Breast cancer-related lymphedema (BCRL) is a serious chronic condition after breast cancer (BC) surgery and treatment. It is unclear if BCRL risk varies by race/ethnicity. In a multiethnic prospective cohort study of 2953 BC patients, we examined the association of self-reported BCRL status with self-reported race/ethnicity and estimated genetic ancestry. Hazard ratios (HR) and 95 % confidence intervals (CI) were calculated by multivariable Cox proportional hazards models, with follow-up starting 6 months post-BC diagnosis. Estimates were further stratified by body mass index (BMI). By 48 months of follow-up, 342 (11.6 %) women reported having BCRL. Younger age at BC diagnosis, higher BMI at baseline, and lower physical activity were associated with greater BCRL risk. African American (AA) women had a 2-fold increased risk of BCRL compared with White women (HR = 2.04; 95 % CI 1.35-3.08). African genetic ancestry was also associated with an increased risk (HR = 2.50; 95 % CI 1.43, 4.36). Both risks were attenuated but remained elevated after adjusting for known risk factors and became more pronounced when restricted to the nonobese women (adjusted HR = 2.31 for AA and HR = 3.70 for African ancestry, both p < 0.05). There was also evidence of increased BCRL risk with Hispanic ethnicity in the nonobese women. Nonobese AA women had a higher risk of BCRL than White women, which cannot be fully explained by known risk factors. This is the first large-scale, prospective study demonstrating differences in BCRL risk according to race/ethnicity as assessed by both self-report and genetic ancestry data, with a potential ancestry-obesity interaction.

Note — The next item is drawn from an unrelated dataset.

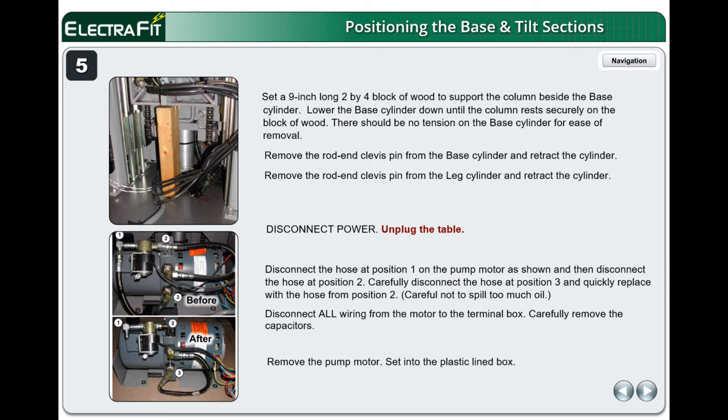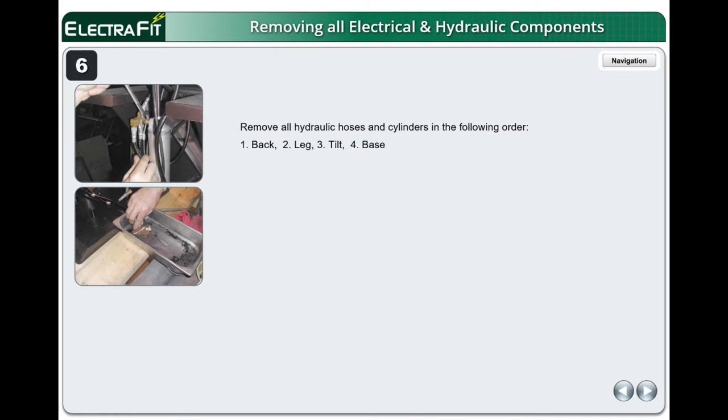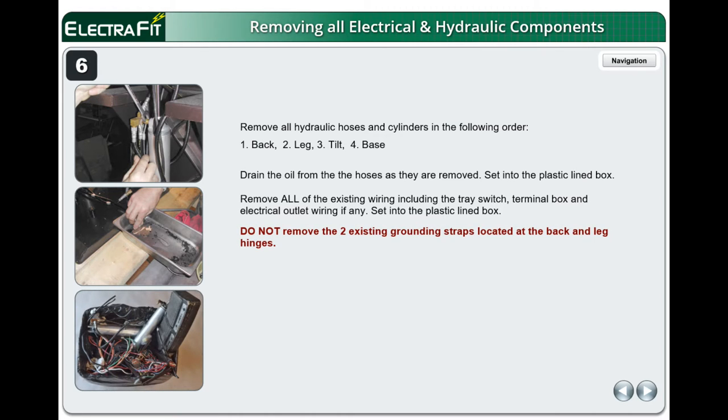Set the pump motor into the plastic-lined box. Remove all hydraulic hoses and cylinders in the following order: 1 back, 2 leg, 3 tilt, 4 base. Drain the oil from the hoses as they are removed and set into the plastic-lined box. Remove all existing wiring including the tray switch, terminal box, and electrical outlet wiring if any. Set into the plastic-lined box. Do not remove the two existing grounding straps located at the back and leg hinges.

乳腺癌相关淋巴水肿(BCRL)是乳腺癌(BC)手术及治疗后一种严重的慢性疾病。目前尚不清楚BCRL风险是否因种族/民族而异。在一项针对2953例BC患者的多民族前瞻性队列研究中,我们研究了自我报告的BCRL状态与自我报告的种族/民族以及估计的遗传血统之间的关联。通过多变量Cox比例风险模型计算风险比(HR)和95%置信区间(CI),随访从BC诊断后6个月开始。估计值进一步按体重指数(BMI)分层。随访48个月时,342名(11.6%)女性报告患有BCRL。BC诊断时年龄较小、基线BMI较高以及身体活动较少与BCRL风险较高相关。与白人女性相比,非裔美国(AA)女性患BCRL的风险增加了两倍(HR = 2.04;95% CI 1.35 - 3.08)。非洲遗传血统也与风险增加相关(HR = 2.50;95% CI 1.43,4.36)。在调整已知风险因素后,这两种风险均有所减弱,但仍保持升高,并且在仅限于非肥胖女性时更为明显(AA调整后HR = 2.31,非洲血统调整后HR = 3.70,均p < 0.05)。在非肥胖女性中,也有证据表明西班牙裔种族的BCRL风险增加。非肥胖AA女性患BCRL的风险高于白人女性,这无法完全由已知风险因素解释。这是第一项大规模前瞻性研究,通过自我报告和遗传血统数据评估,证明了BCRL风险根据种族/民族存在差异,且存在潜在的血统 - 肥胖相互作用。